Rasheed DeBord spent four years as a triple and long jumper for the Fighting Bees Track and Field team, a skill that requires the athlete to always get back up and jump again.
That's why it's not too surprising to hear Rasheed talk about his educational journey to find the perfect major and his uncanny ability to transform uncomfortable situations into opportunities, simply by jumping in.
On May 12, at the St. Ambrose University 2018 Spring Commencement Ceremony, DeBord will be awarded a Bachelor of Arts degree in Sport Management. Two weeks ago, he was recognized with two awards for his endless drive, determination, work ethic, and enthusiasm: Sport Management Student of the Year and Wellness and Recreation Employee of the Year.
Yes, he is proud, and he should be. "It took a lot of hard work and dedication to get to this point. I see this as a reward; all of my hard work paid off."
DeBord was born and raised in Kewanee, Ill., and when it was time to launch his search for a university, a friend (and yes, an Ambrosian) suggested he visit SAU.
He liked the small, community atmosphere and was awarded both an athletic and academic scholarship. The deal was sealed.
As a first-year student, DeBord planned to major in Exercise Science and maybe follow that with a graduate or doctoral degree in physical therapy.
But after his first year, he struggled academically and didn't feel as if he fit into the program. He told his advisor Assistant Clinical Professor Erica Thomas that he really wanted to figure out what he was good at, and she helped him research other majors. He decided to pursue Human Performance and Fitness instead.
"I did that for a bit, and realized I wasn't feeling a passion for it," he said. So he added a second major in fitness and physical education. Still, he was struggling. "A lot of times, when things were tough, I was not sure college was for me," he said.
With encouragement from his advisor and Assistant Professor Sarah Eikleberry, PhD, he pushed forward. Then, he enrolled in a required kinesiology course and everything finally clicked.
"I was like, ‘Whoa. I like this class.' I'm a sporty person and I want to be around physical activity," DeBord said. "After the first few classes, I was pretty sure I wanted to switch my major. Once I did so, I started doing better in all of my classes, and I was happier in general. I was enjoying my college experience. I fell in love with Sport Management."
As part of his major, DeBord completed a practicum with the Quad City Raiders, a minor league football team, and some hours with the Quad City Mallards mid-level pro hockey team. In September, he completes an internship with the Quad Cities River Bandits, a Class A baseball team affiliated with the Houston Astros.
DeBord said those experiences, coupled with a leadership work study position in the Wellness and Recreation Center and four years of participation in Track and Field, taught him the skill of balance.

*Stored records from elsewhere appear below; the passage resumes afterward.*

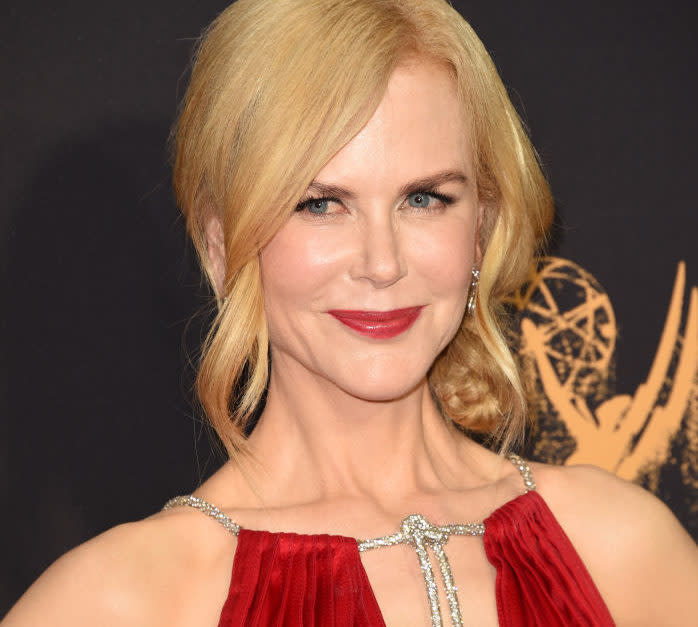 Nicole Kidman is the dancing girl emoji in this ~sizzling~ red dress at the 2017 Emmys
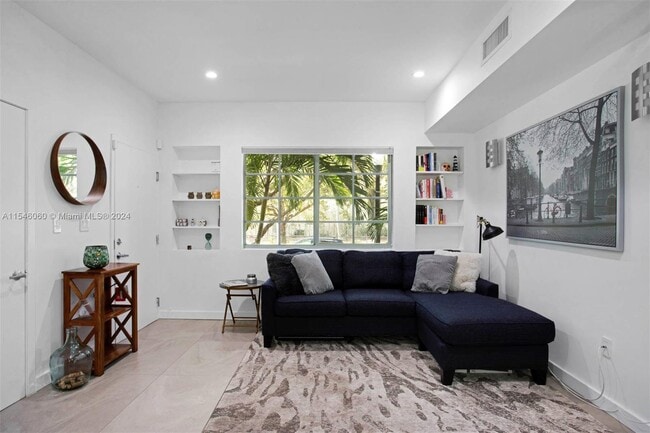 901 3rd St Unit 3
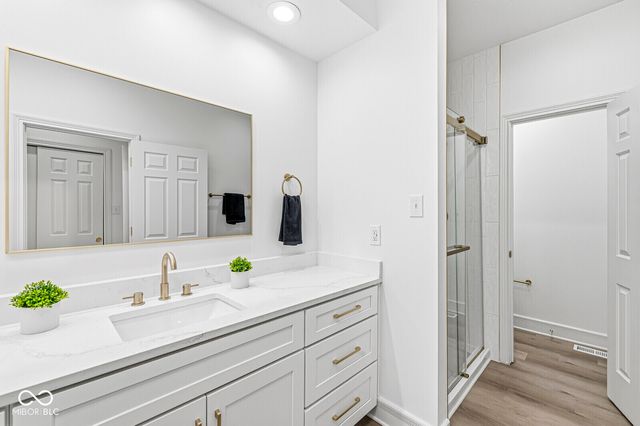 10380 Spring Highland Drive, Indianapolis, IN 46290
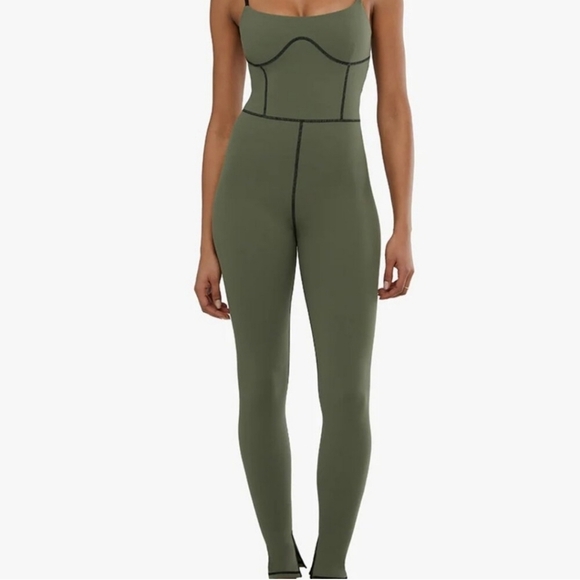 New WeWoreWhat Silhouette Ankle Flare Army Green Athleisure Jumpsuit NWT Large - Picture 4 of 14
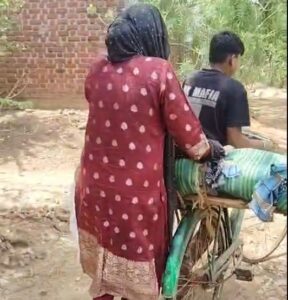 Shame in Padmapur: ପଦ୍ମପୁରରେ ଲଜ୍ଜା; ସାଇକେଲରେ ମାଆଙ୍କ ଶବ ବୋହିଲେ ଦୁଇ ଝିଅ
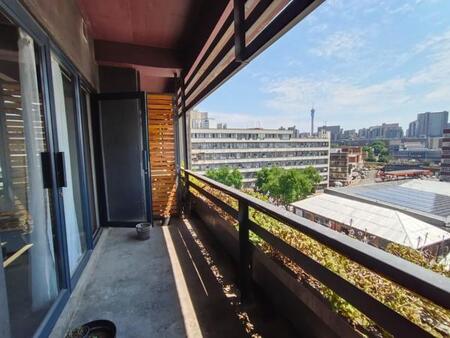 1 Bedroom Apartment in City & Suburban (Maboneng)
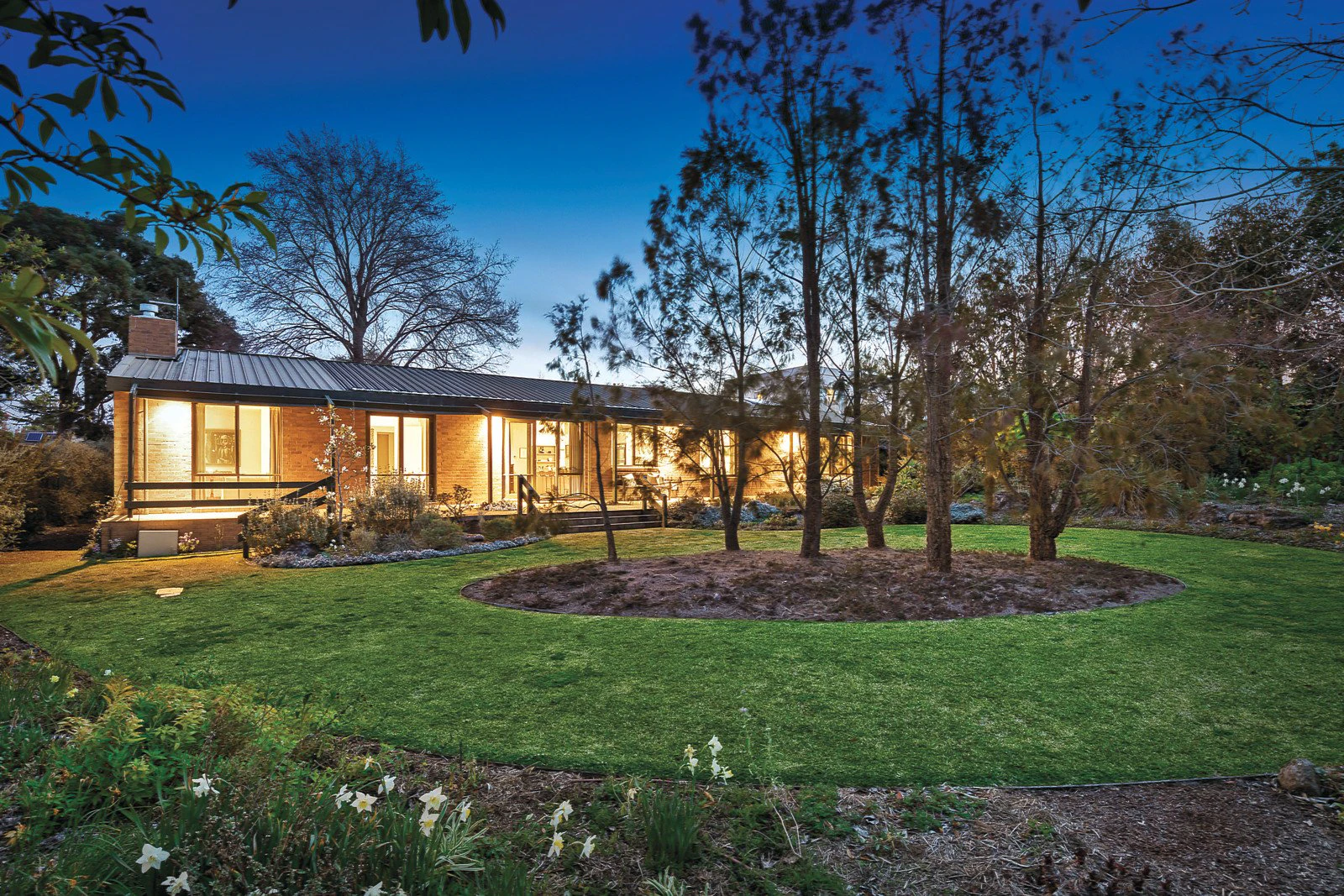 9-11 Ashley Grove, Malvern, VIC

"When I was doing poorly in school, I would go to track practice, and it was an escape from everything. Then I would get back to my dorm room, and the stress would come back. I was in a bad spot.
"Once I figured out how to balance my time, track life, coursework, work study, and social life, and I found a major in which I wanted to be successful, it was a turning point. I started to work harder and did what I said I would do. I set myself up for success," he said.
It is real satisfying to talk about my journey. There were times I couldn't see the light at end of tunnel. But once you find your passion, everything comes together. And as a person, as a leader, I've grown.
Senior Rasheed DeBord
DeBord is thankful for the continuous guidance and support of the Kinesiology Department. "Everyone has been real supportive, including my family. They helped me every step along the way, and I knew I could always talk to them," he said.
"It's real satisfying to talk about my journey. There were times I couldn't see the light at the end of tunnel. But once you find your passion, everything comes together. And as a person, as a leader, I've grown."
That growth is tied to his drive to never give up or walk away. About feeling uncomfortable, but jumping in anyway, whether it was a new major, social situation, networking event, or internship. "Being uncomfortable, no one likes it, but it helps," he said.
Jumping leads to discovery, allows you to meet new people, build new skills, and most importantly, to find your passion.
DeBord is applying for jobs and looking into graduate programs. He wants to work in management and has set firm goals he plans to achieve.
"I will miss St. Ambrose. I've met a lot of good people here, faculty members, lifelong friends. It has been my home for five years, but it's time to leave, to start a new journey," he said.
"I am less nervous about taking this next step than I was when I came to SAU. I am more confident in my abilities and what I can do. I am ready."